Par la présente, et pour les motifs qui précèdent, nous vous notifions dès lors votre licenciement. Votre préavis d'une durée de 3 mois, que nous vous dispensons d'exécuter mais qui vous sera néanmoins rémunéré en intégralité, commencera à courir à compter de la première présentation du recommandé de la présente lettre ».
Considérant que ce licenciement était abusif, suite à la demande d'un délégué du personnel faite en application de l'article 32 de la Convention Collective Monégasque du Travail du Personnel des Banques, la Commission Paritaire a considéré le 15 juin 2012 que sur le fond, la mesure de licenciement était justifiée.
c. ZU. a, ensuite d'un procès-verbal de non-conciliation en date du 12 novembre 2012, attrait la SAM C devant le bureau de jugement du Tribunal du Travail à l'effet d'obtenir sa condamnation au paiement des sommes suivantes :
12.000 euros au titre du bonus part variable de l'année 2011,
300.000 euros à titre de dommages et intérêts pour licenciement abusif et légèreté blâmable, en réparation de son préjudice moral et matériel, le tout avec intérêts au taux légal à compter de la citation.
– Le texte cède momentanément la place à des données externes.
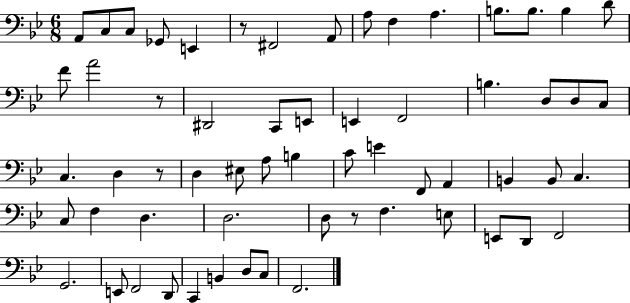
X:1
T:Untitled
M:6/8
L:1/4
K:Bb
A,,/2 C,/2 C,/2 _G,,/2 E,, z/2 ^F,,2 A,,/2 A,/2 F, A, B,/2 B,/2 B, D/2 F/2 A2 z/2 ^D,,2 C,,/2 E,,/2 E,, F,,2 B, D,/2 D,/2 C,/2 C, D, z/2 D, ^E,/2 A,/2 B, C/2 E F,,/2 A,, B,, B,,/2 C, C,/2 F, D, D,2 D,/2 z/2 F, E,/2 E,,/2 D,,/2 F,,2 G,,2 E,,/2 F,,2 D,,/2 C,, B,, D,/2 C,/2 F,,2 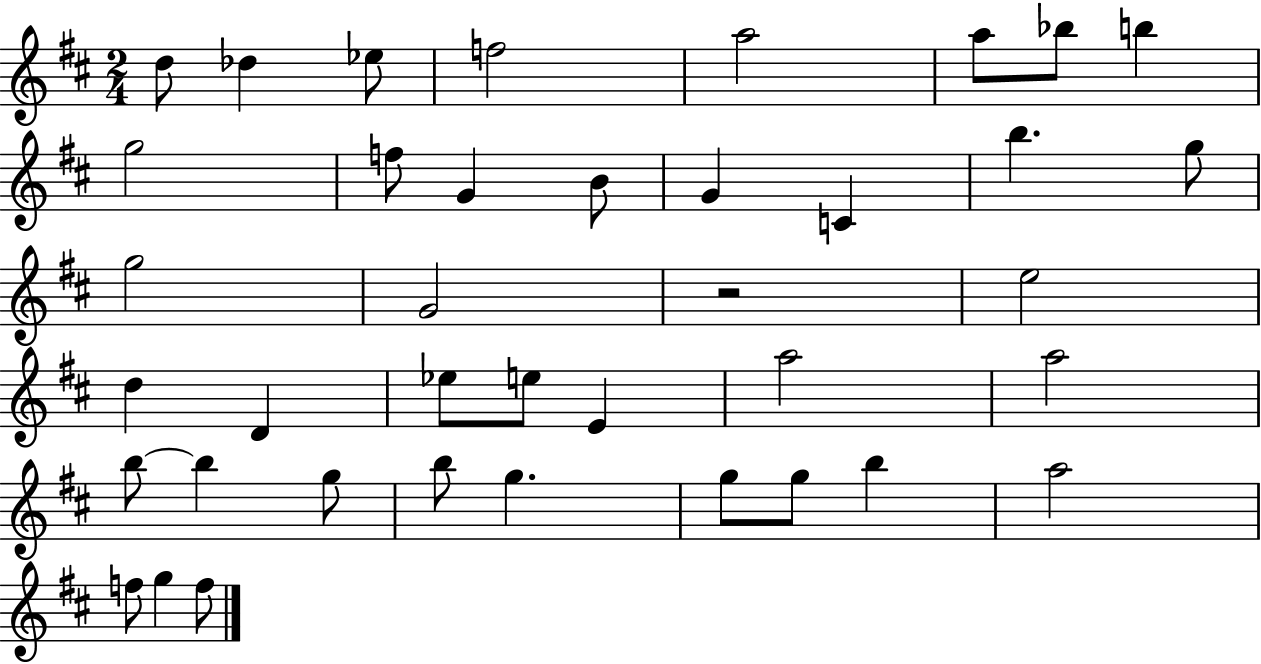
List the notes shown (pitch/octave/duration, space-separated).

D5/e Db5/q Eb5/e F5/h A5/h A5/e Bb5/e B5/q G5/h F5/e G4/q B4/e G4/q C4/q B5/q. G5/e G5/h G4/h R/h E5/h D5/q D4/q Eb5/e E5/e E4/q A5/h A5/h B5/e B5/q G5/e B5/e G5/q. G5/e G5/e B5/q A5/h F5/e G5/q F5/e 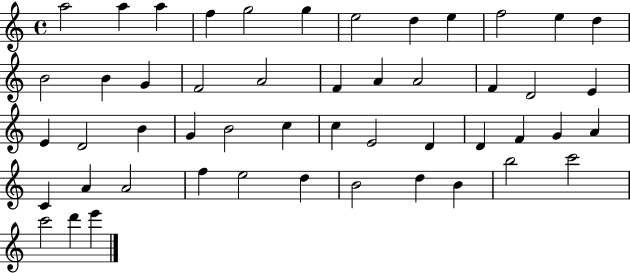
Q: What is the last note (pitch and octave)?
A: E6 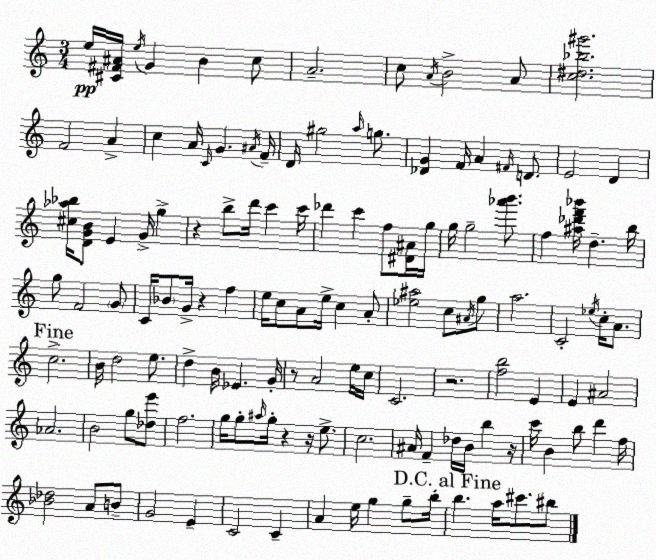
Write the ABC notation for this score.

X:1
T:Untitled
M:3/4
L:1/4
K:Am
e/4 [^C^F^A]/4 e/4 G B c/2 A2 c/2 A/4 B2 A/2 [c^d_b^g']2 F2 A c A/4 C/4 G ^A/4 F/4 D/4 ^g2 a/4 g/2 [_DG] F/4 A ^F/4 D/2 E2 D [^c_a_b]/4 [DGB]/2 E G/4 g z b/2 d'/4 c' c'/4 _d' c' f/2 [^D^A]/4 g/4 g/4 g2 [_a'b']/2 f [^a_d'f'_b']/4 d b/4 g/2 F2 G/2 C/4 _B/2 G/4 z f e/4 c/2 A/2 e/4 c A/2 [_e^a]2 c/2 ^A/4 g/2 a2 C2 _e/4 c/4 A/2 c2 B/4 d2 e/2 d B/4 _E G/4 z/2 A2 e/4 c/4 C2 z2 [fb]2 E E ^A2 _A2 B2 g/2 [_de']/2 f2 g/4 g/2 ^a/4 g/4 z z/4 e/2 c2 ^A/4 F _d/4 B/4 b z/4 c'/4 B b/2 d' f/4 [_B_d]2 A/2 B/2 G2 E C2 C A e/4 g g/2 b/4 b a/4 ^c'/2 ^b/2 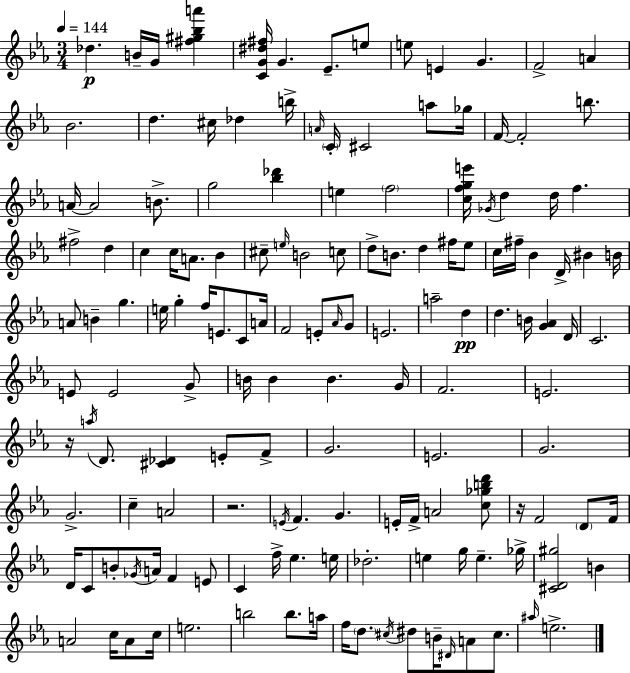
Db5/q. B4/s G4/s [F#5,G#5,Bb5,A6]/q [C4,G4,D#5,F#5]/s G4/q. Eb4/e. E5/e E5/e E4/q G4/q. F4/h A4/q Bb4/h. D5/q. C#5/s Db5/q B5/s A4/s C4/s C#4/h A5/e Gb5/s F4/s F4/h B5/e. A4/s A4/h B4/e. G5/h [Bb5,Db6]/q E5/q F5/h [C5,F5,G5,E6]/s Gb4/s D5/q D5/s F5/q. F#5/h D5/q C5/q C5/s A4/e. Bb4/q C#5/e E5/s B4/h C5/e D5/e B4/e. D5/q F#5/s Eb5/e C5/s F#5/s Bb4/q D4/s BIS4/q B4/s A4/e B4/q G5/q. E5/s G5/q F5/s E4/e. C4/e A4/s F4/h E4/e Ab4/s G4/e E4/h. A5/h D5/q D5/q. B4/s [G4,Ab4]/q D4/s C4/h. E4/e E4/h G4/e B4/s B4/q B4/q. G4/s F4/h. E4/h. R/s A5/s D4/e. [C#4,Db4]/q E4/e F4/e G4/h. E4/h. G4/h. G4/h. C5/q A4/h R/h. E4/s F4/q. G4/q. E4/s F4/s A4/h [C5,Gb5,B5,D6]/e R/s F4/h D4/e F4/s D4/s C4/e B4/e Gb4/s A4/s F4/q E4/e C4/q F5/s Eb5/q. E5/s Db5/h. E5/q G5/s E5/q. Gb5/s [C#4,D4,G#5]/h B4/q A4/h C5/s A4/e C5/s E5/h. B5/h B5/e. A5/s F5/s D5/e. C#5/s D#5/e B4/s D#4/s A4/e C#5/e. A#5/s E5/h. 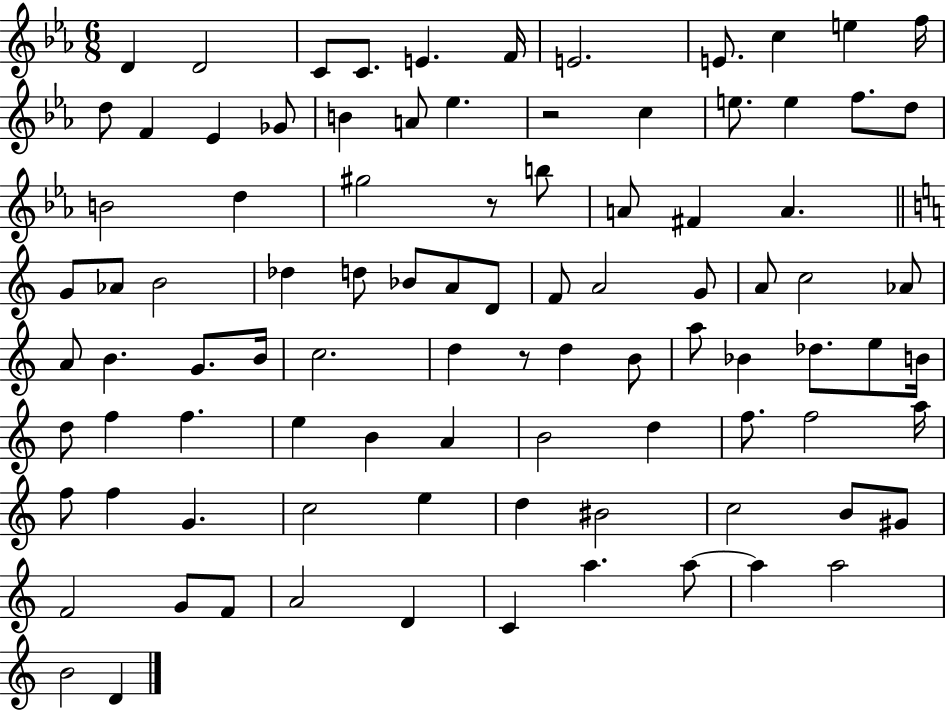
{
  \clef treble
  \numericTimeSignature
  \time 6/8
  \key ees \major
  \repeat volta 2 { d'4 d'2 | c'8 c'8. e'4. f'16 | e'2. | e'8. c''4 e''4 f''16 | \break d''8 f'4 ees'4 ges'8 | b'4 a'8 ees''4. | r2 c''4 | e''8. e''4 f''8. d''8 | \break b'2 d''4 | gis''2 r8 b''8 | a'8 fis'4 a'4. | \bar "||" \break \key a \minor g'8 aes'8 b'2 | des''4 d''8 bes'8 a'8 d'8 | f'8 a'2 g'8 | a'8 c''2 aes'8 | \break a'8 b'4. g'8. b'16 | c''2. | d''4 r8 d''4 b'8 | a''8 bes'4 des''8. e''8 b'16 | \break d''8 f''4 f''4. | e''4 b'4 a'4 | b'2 d''4 | f''8. f''2 a''16 | \break f''8 f''4 g'4. | c''2 e''4 | d''4 bis'2 | c''2 b'8 gis'8 | \break f'2 g'8 f'8 | a'2 d'4 | c'4 a''4. a''8~~ | a''4 a''2 | \break b'2 d'4 | } \bar "|."
} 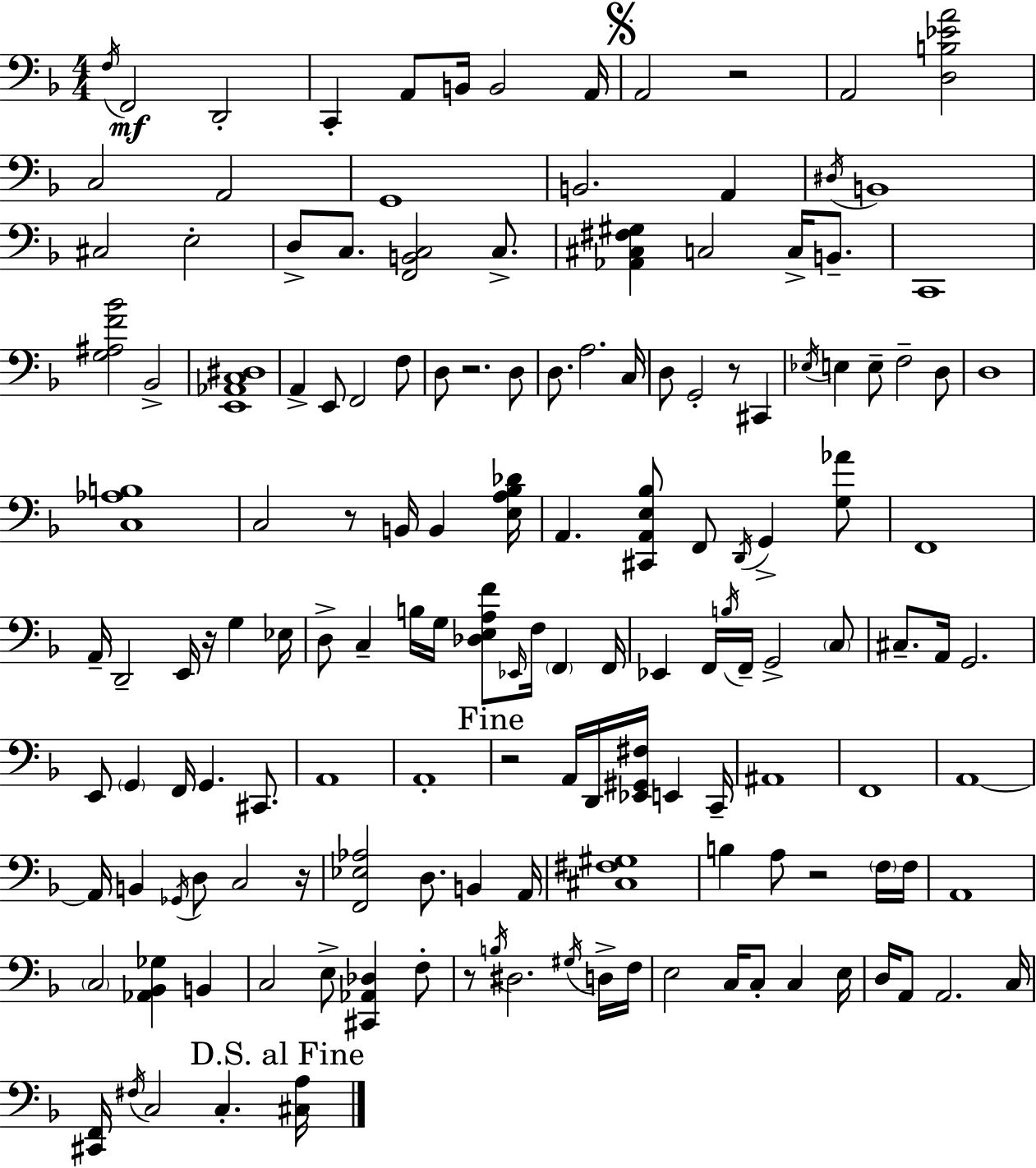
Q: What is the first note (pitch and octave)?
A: F3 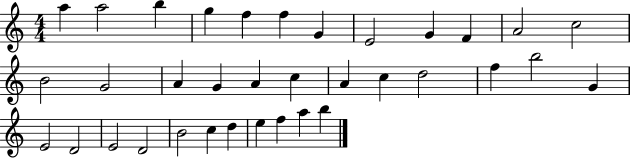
{
  \clef treble
  \numericTimeSignature
  \time 4/4
  \key c \major
  a''4 a''2 b''4 | g''4 f''4 f''4 g'4 | e'2 g'4 f'4 | a'2 c''2 | \break b'2 g'2 | a'4 g'4 a'4 c''4 | a'4 c''4 d''2 | f''4 b''2 g'4 | \break e'2 d'2 | e'2 d'2 | b'2 c''4 d''4 | e''4 f''4 a''4 b''4 | \break \bar "|."
} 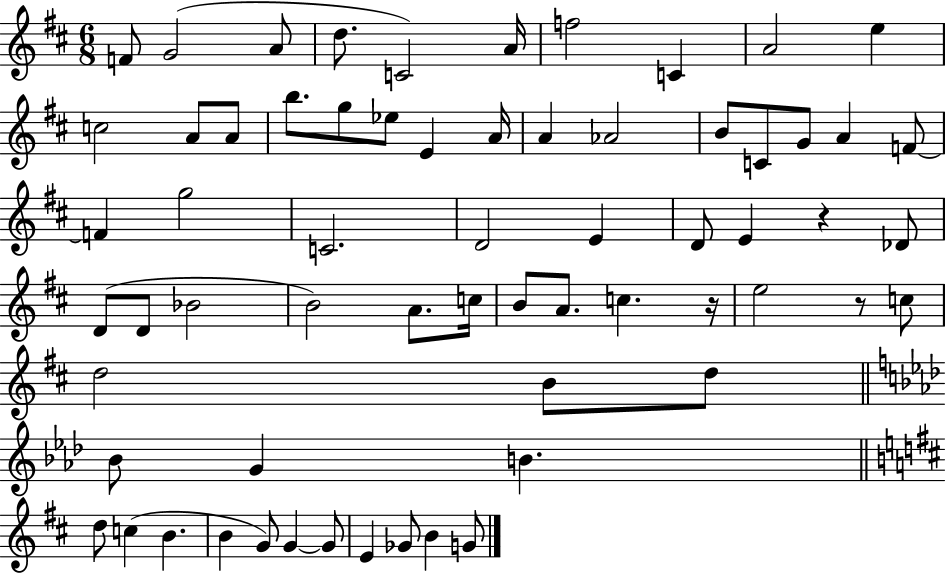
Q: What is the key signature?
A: D major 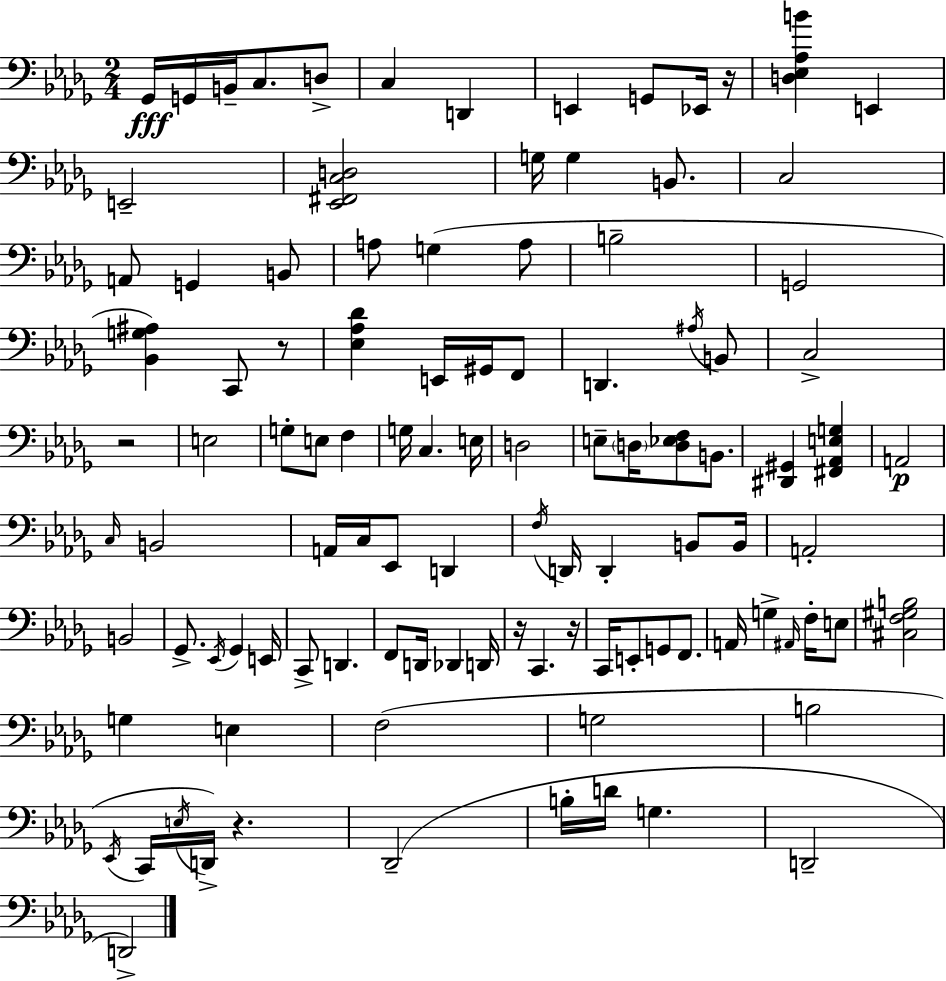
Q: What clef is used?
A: bass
Par jugement en date du 13 mars 2014, le Tribunal du Travail a statué comme suit :
« - Ecarte des débats la note déposée le 21 novembre 2013 par c. ZU.,
Rejette l'exception de nullité des attestations produites par c. ZU. sous les n° 34 et 35,
Déboute c. ZU. de l'ensemble de ses demandes,
Condamne c. ZU. aux dépens».
Par exploit d'huissier du 25 avril 2014, c. ZU. a régulièrement interjeté appel du jugement entrepris à l'effet de le voir réformer en ce sens :
« RECEVOIR Madame c. ZU. en son appel comme régulier en la forme, y déclarer fondée et y faire entièrement droit,
RÉFORMER en conséquence en toutes ses dispositions le jugement rendu par le Tribunal du Travail le 13 mars 2014 sauf en ce qui concerne le rejet de l'exception de nullité des attestations produites par Madame c. ZU. sous les numéros 34 et 35,
PAR CONSEQUENT, statuer à nouveau, et,
CONSTATER que le licenciement de Madame c. ZU. repose sur un motif non valable et injustifié,
DIRE ET JUGER que le licenciement de Madame c. ZU. revêt un caractère abusif,
CONDAMNER en conséquence la SAM A à payer à Madame c. ZU. la somme de 300.000 euros à titre de dommages et intérêts,
CONDAMNER en outre la SAM A à payer à Madame c. ZU. la somme de 12.000 euros au titre de la part variable de l'année 2011,
CONDAMNER la SAM A aux dépens, tant de Première Instance que d'appel, en ce compris tous frais et accessoires, tels que frais d'huissier, procès-verbaux de constat, sommations, frais d'expertise et de traduction éventuels, dont distraction au profit de Maître Alexis MARQUET, Avocat-Défenseur, sous son affirmation de droit ».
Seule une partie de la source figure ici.